The bill, drafted by women’s rights groups, is currently in the parliamentary committee stage, where it has been since April 2010, awaiting approval from the Cabinet. If passed, the legislation would create specific sentences for perpetrators of domestic violence, assign a public prosecutor in each governorate to investigate reports of domestic violence, and allow women and children to seek a restraining order within 48 hours.
A study released by women’s rights group KAFA (Enough Violence and Discrimination) on June 21 showed that domestic violence accounts for around half of all cases of physical abuse in Lebanon. There is currently no specific legislation that targets domestic violence.
In late June, Dar al-Fatwa, Lebanon’s highest Sunni body, said the bill was “Western” and a threat to the family, and argued that it stripped women of rights provided to them by the Islamic courts. The Higher Shiite Council has also said it supports Dar al-Fatwa’s position.
HRW criticized the statement from Dar al-Fatwa, in particular its citing of article 9 of the Constitution, which guarantees freedom from state interference for religious institutions.
“Unfortunately, religious communities have improperly, and too often, used this constitutional provision to resist improvements to the status of Lebanese women,” Khalife said. “Instead of trying to discredit the protections this bill would provide to women as ‘Western,’ the clerics should welcome them.”
Speaking to The Daily Star Thursday, Zoya Rouhana, director of KAFA, agreed that article 9 had been used as a smokescreen.
“Had the law been a threat to article 9 of the Lebanese Constitution, all the heads of the religious sects would have opposed it.”

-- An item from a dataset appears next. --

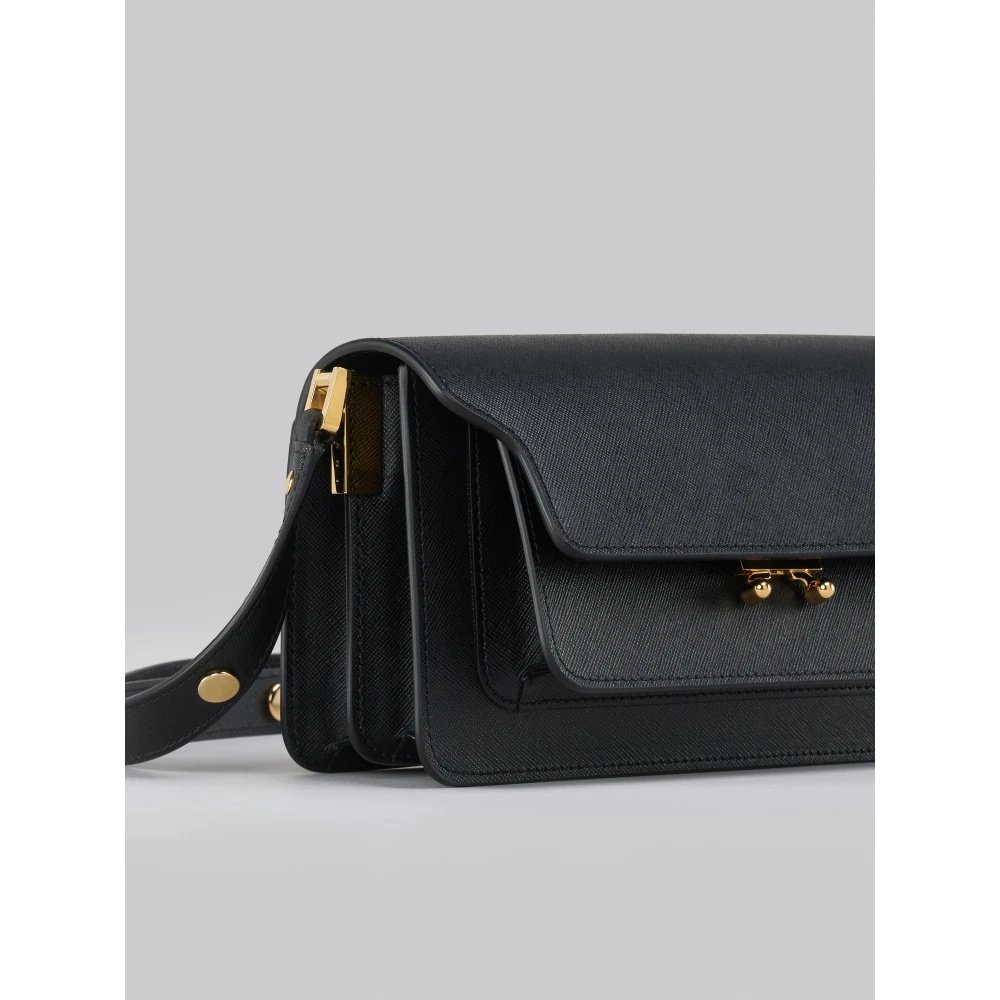 ★MARNI★ Saffiano Trunk East West Bag Black SBMP0121U0LV520 Marni SAFFIANO EAST/WEST TRUNK SHOULDER BAG | miinto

Nadine Moawad, of feminist collective Nasawiya, welcomed HRW’s statement Thursday, but said she had reservations about how the censure, coming from an international organization, might be received.
“The attack against the law is that the law is foreign, and not Lebanese, and has support from international organizations like the U.N.,” she said. “So I don’t know if a statement from HRW is going to fuel more of their objections.”
In a June 28 statement, the activists and organizations who drafted the bill rejected the notion that the bill was a foreign product.
“It’s 1,000 percent a Lebanese law,” Moawad said Thursday. “It was written by Lebanese lawyers and activists, who for many years had been working with battered women, and the bill came out of these experiences.”
“Violence is not a cultural thing. Everywhere in human relationships you have violence and everywhere you should have protection.”
She added that much of the opposition to the bill was down to religious bodies’ fear of losing authority, rather than opposition to protections for women. “I think most of their concerns is losing power,” she said. “This law would be a groundbreaking step, women would be able to seek protection from the civil courts, outside of religion. It would be an important step toward a secular system.”
The new Cabinet’s policy statement, which received a vote of confidence from Parliament Thursday afternoon, contains one clause regarding the position of women. Clause 40 states that the government is “committed to eliminating all kinds of discrimination against women through necessary decrees.” However, women’s rights groups have expressed concerns over the commitment of the new prime minister to women’s rights, particularly given his appointment of an all-male Cabinet.
However, Moawad said there were still hopes that the bill would be passed.
“Whether or not people disagree it still has a lot of public support, both from people who are religious and those who are not,” she said.